DATA BELOW:
○ ○ ○

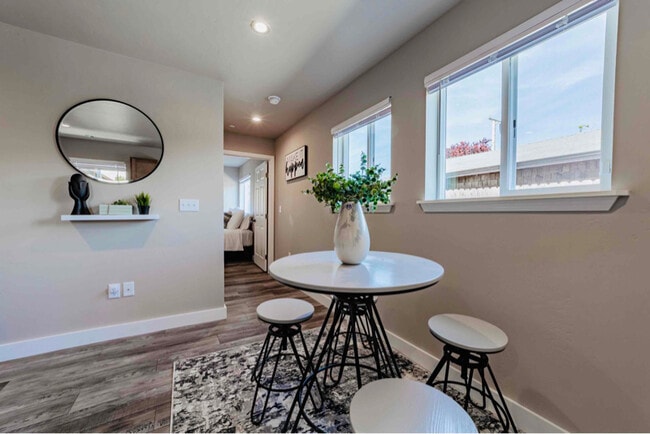 Photo - 2406 Quaker St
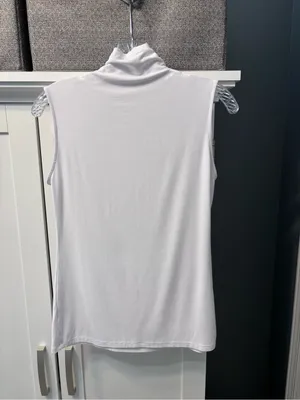 APRLL White Sleeveless Mock Neck Turtleneck Top Tank Size L Minimalist Style EUC thumbnail 3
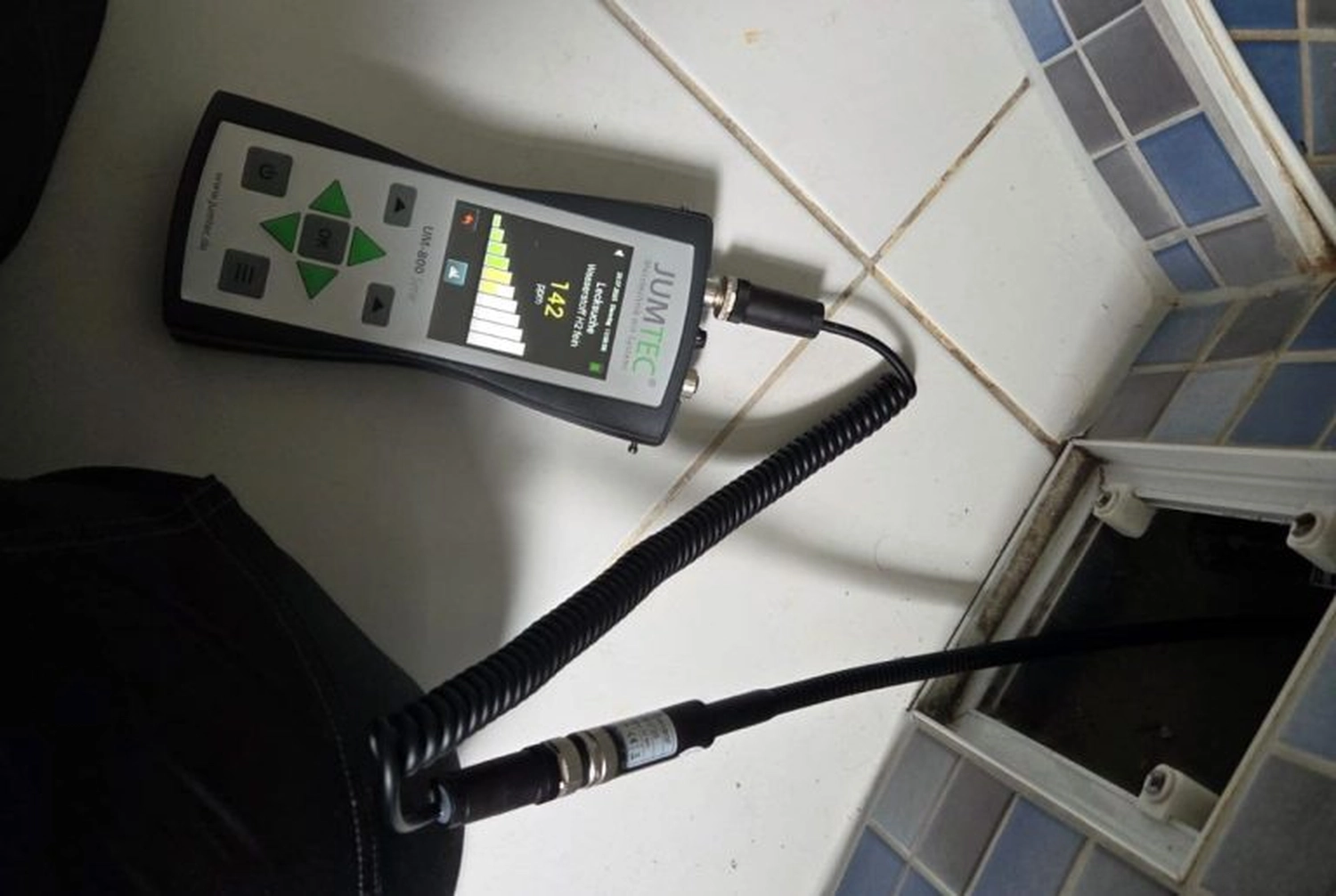 DG Ortungstechnik - Professionelle Leckortung - Leckortung in Gebäuden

○ ○ ○

REQUIREMENT:
Your reply should restate the data above word for word and contain no pictures.

TASK OUTPUT:
 Photo - 2406 Quaker St
 APRLL White Sleeveless Mock Neck Turtleneck Top Tank Size L Minimalist Style EUC thumbnail 3
 DG Ortungstechnik - Professionelle Leckortung - Leckortung in Gebäuden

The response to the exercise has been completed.